船隻漸次前行,一座臨水的建築物出現在視線中,這讓詩人眼前一亮。清泠明澈的秋水映出它華麗的倒影,這浮光掠影的景物只會給詩人增加惆悵與寂寞,於是產生了友情慰藉的心理需求。

這一心理反應正是詩歌從寫景轉入敘事的契機。但是在德清,詩人沒有相識的人,友情只是鏡花水月般的存在,詩人是孤獨的。

船隻漸行漸止,兩岸的風景也漸次變化著模樣。

當船隻停泊在水灣處時,詩人看到江岸兩邊屹立的青山,還有建在青山上的一座塔,而塔下的一片漫無目的地晃悠著的孤雲,像是理解詩人的孤獨一樣,步履匆匆地前來陪伴詩人了。

這樣的情景與詩境,組合在一起便像是一幅寂寞而蒼涼的水墨畫,畫面中的水和天空都是大片的“留白”技法,而詩人與船隻似乎只是隨意勾勒的一筆。

但是,塔下的秋雲沒有絢麗的色調,只有清冷的氣息,他能讀懂詩人的孤獨嗎?詩人四顧茫然,心境越發顯得落寞。

奧地利作家茨威格在《兩個孤獨的人》中說:“他倆從沒有對人講述過的,也幾乎自己都沒有供認過的,這兩個還幾乎是陌生的人彼此都袒露了出來。每一聲吶喊都在他們的靈魂中得到了迴響,因為兩個人在痛苦上是相親共感的。”

有人說,人生就像一場旅行,不必在乎目的地,應該在乎沿途的風景,以及看風景的心情。

可是,在詩人姜夔的德清之行中,他做不到不在乎目的地,他沒有看風景的心情,這只是江湖間的一位匆匆過客而已。

《過德清》其二

溪上佳人看客舟,舟中行客思悠悠。

煙波漸遠橋東去,猶見闌干一點愁。

第二首的開頭一句“溪上佳人看客舟”,很是耐人尋味。說這是詩人在船頭的所見也對,因為他看到了佇立在岸邊的一位佳人。佳人似乎也向詩人所在的行船望過來。

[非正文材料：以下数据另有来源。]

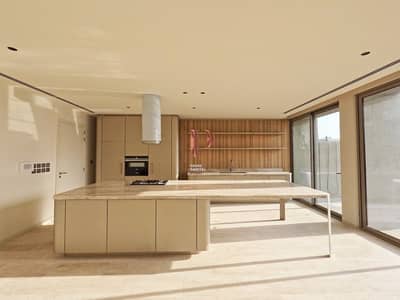 Brand New Contemporary Built 5 Bed Villa in Meydan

四目相對間,他才發現,這位佳人只是一位陌生人,她或許也是在岸邊等待她的心上人,她或許也是一位“誤幾回,天際識歸舟”的痴情女子吧,詩人心中這樣想著。

詩人由佳人凝望歸舟自然聯想到情人遙望自己。姜夔的愛情也是曲折而艱辛的,他客遊合肥時,邂逅了一位歌女,並與之墜入愛河,兩人曾經度過了一段浪漫的時光。

可是美好的時光總是這樣匆匆,姜夔為了生活而悵意獨行的孤單背影與他們花前月下你儂我儂形成了鮮明對比。

可是美好的時光總是短暫的,他們的浪漫愛情在時間的流逝中也付諸東流。為了生計,姜夔只能在定居合肥與江湖漂泊之間做出抉擇。

在糾結、無奈、彷徨的複雜心態下,姜夔與心愛的合肥女子終究成了天各一方的兩處閒愁。

當姜夔再次來到合肥時,時過境遷,他苦苦尋覓這位女子,可是蹤影難覓。昔日的戀人或許早已有了新的生活。終究,愛情輸給了時間,但合肥女子卻成為了姜夔情感世界裡揮之不去的丁香結。

姜夔的這種情感糾結一如唐代詩人李商隱筆下的“芭蕉不展丁香結,同向春風各自愁”。一次,姜夔舟過吳興,他看到畫船上一位歌女和昔日戀人頗有幾分相似,這都讓姜夔產生了再回首恍然如夢的感覺。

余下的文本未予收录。